WORK ORDER: In the entries below, find the line with "aFe Power 51-73005-1 Momentum" and the line with "HANEUL TOP - GREY". Reproduce those two lines and every line between them exactly, and nothing more.

EXTRACTED MATERIAL:
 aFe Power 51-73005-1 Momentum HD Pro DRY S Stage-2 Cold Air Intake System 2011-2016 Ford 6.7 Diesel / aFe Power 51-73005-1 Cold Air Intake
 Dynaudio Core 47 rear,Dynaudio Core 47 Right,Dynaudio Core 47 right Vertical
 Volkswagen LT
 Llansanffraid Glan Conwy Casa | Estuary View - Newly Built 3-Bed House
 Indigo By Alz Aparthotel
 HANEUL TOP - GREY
...
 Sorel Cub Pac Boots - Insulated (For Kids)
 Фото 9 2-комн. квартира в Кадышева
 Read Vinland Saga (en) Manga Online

SOLUTION FOR THIS PROBLEM:
 aFe Power 51-73005-1 Momentum HD Pro DRY S Stage-2 Cold Air Intake System 2011-2016 Ford 6.7 Diesel / aFe Power 51-73005-1 Cold Air Intake
 Dynaudio Core 47 rear,Dynaudio Core 47 Right,Dynaudio Core 47 right Vertical
 Volkswagen LT
 Llansanffraid Glan Conwy Casa | Estuary View - Newly Built 3-Bed House
 Indigo By Alz Aparthotel
 HANEUL TOP - GREY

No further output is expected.